This marks the second time the Bills will play at Ford Field this season following a 17-14 win over the Lions on Oct. 5. It also is the second time in four years the facility has hosted a neutral site game.

The last time an NFL game was moved to Ford Field unexpectedly, the fans who did show up witnessed a bit of history. Brett Favre’s streak of 297 regular-season starts came to an end that night — on Dec. 13, 2010 — when the Minnesota Vikings lost to the New York Giants 21-3. Favre was sidelined by shoulder and hand issues.

That game was moved to Detroit because the Metrodome roof collapsed.

Vikings

Players Association appeals Adrian Peterson’s suspension: The NFL players’ union on Thursday appealed the league’s suspension of Adrian Peterson and demanded an independent, neutral arbitrator hears the case.

In a letter to its player representatives and executive committee obtained by The Associated Press, the NFLPA called Commissioner Roger Goodell’s punishment “unprecedented, arbitrary, and unlawful.”

The union also accused Troy Vincent, the NFL’s executive vice president of football operations, of telling Peterson that the games he missed on a special exempt list would count as time served toward a suspension.

League officials declined comment to the AP.

Goodell on Tuesday suspended Peterson without pay for the rest of the season and told him he will not be considered for reinstatement before April 15 for his violation of the NFL personal conduct policy. Peterson pleaded no contest Nov. 4 to misdemeanor reckless assault in Texas for injuries to his 4-year-old son with a wooden switch.

Peterson has said he intended no harm to his son, only discipline. The 2012 NFL MVP played just one game for the Minnesota Vikings this season and was paid part of his $11.75 million during the leave. He will keep the money accrued while on the exempt list. But the NFL’s punishment now amounts to a 14-game ban, with six unpaid weeks. That’s the equivalent of a fine of more than $4.1 million.

Goodell announced Aug. 28 tougher punishment for players involved with domestic violence. That action stemmed from a torrent of criticism for the initial leniency toward former Baltimore Ravens running back Ray Rice, who was caught on camera hitting his then-fiancee and knocking her unconscious on an elevator in an Atlantic City casino.
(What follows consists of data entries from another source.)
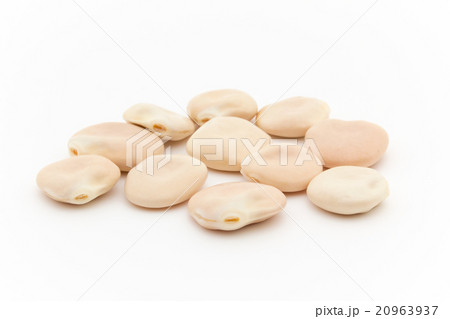 ウチワマメ: Lupini beans ウチワマメ: Lupini beans 20963937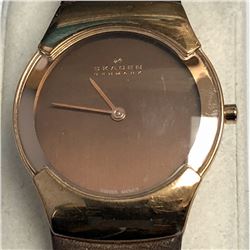 42) SKAGEN DENMARK BROWN WATCH WORKING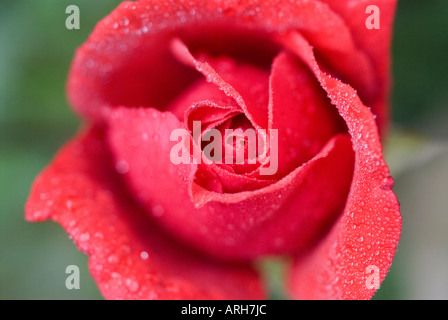 ROTE ROSE DUFTENDEN WOLKE EINE HYBRIDE TEROSE BEKANNT FÜR SEINEN SÜßEN DUFT Stockfoto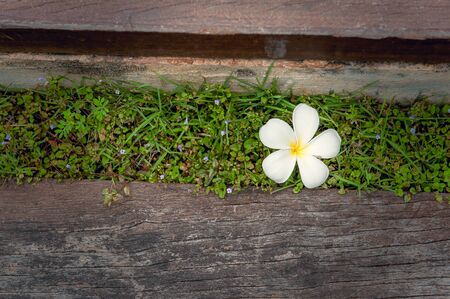 white plumeria flowerの写真素材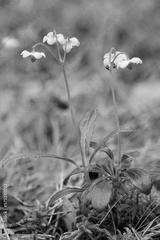 preview bw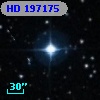 HD 197175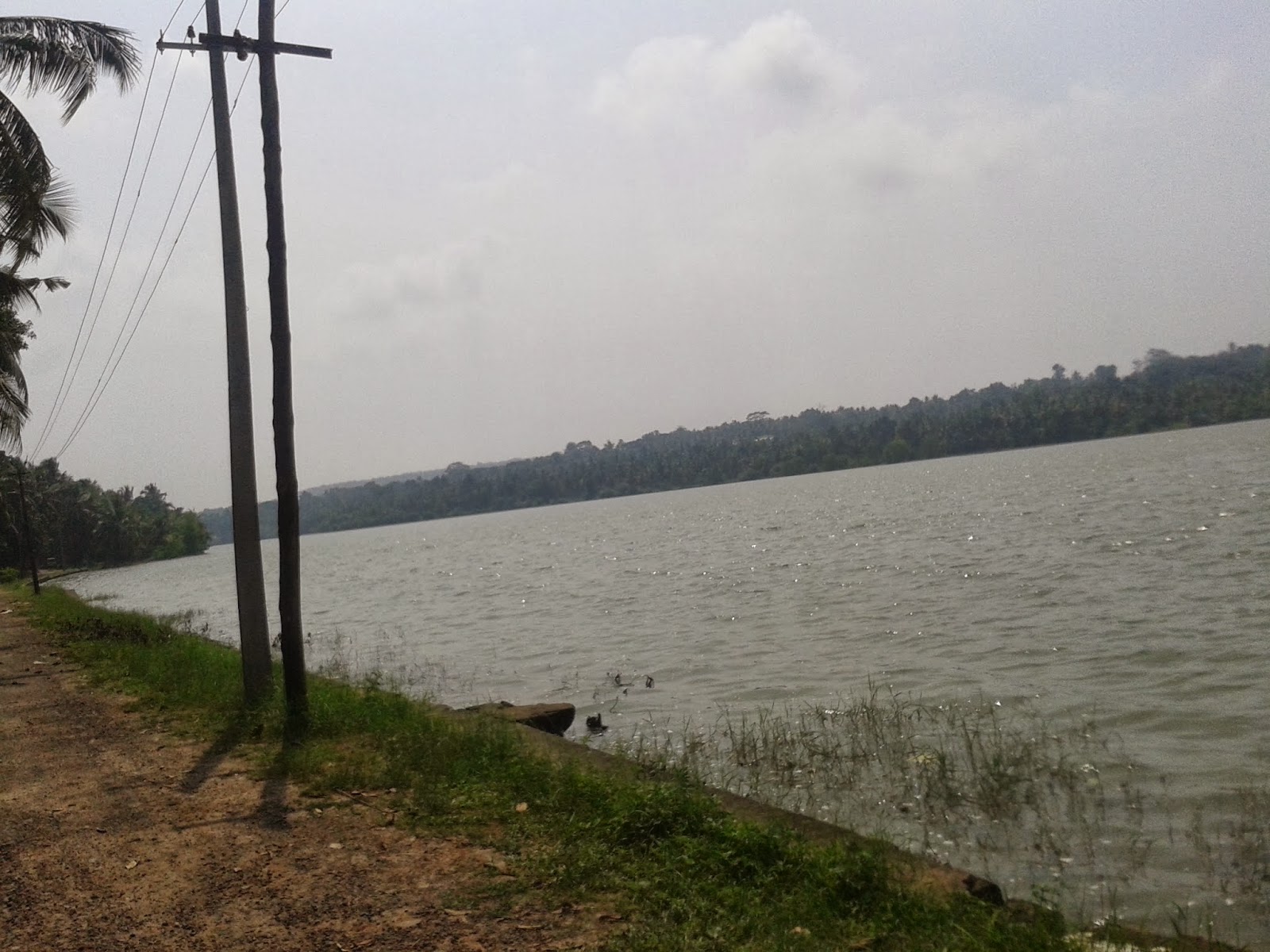 Vellayani kayal / Vellayani Lake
Rice was later suspended indefinitely and recently had his appeal heard by an arbitrator.

According to the enhanced policy, first offenses of assault, battery or domestic violence bring a six-game suspension.

But the union is arguing that the new policy was enacted after the incident had already occurred and shouldn’t be retroactively applied to Peterson’s conduct in May 2014.

The union also claims the “NFL is making up the process and punishment as it goes — a blatant violation of the CBA.”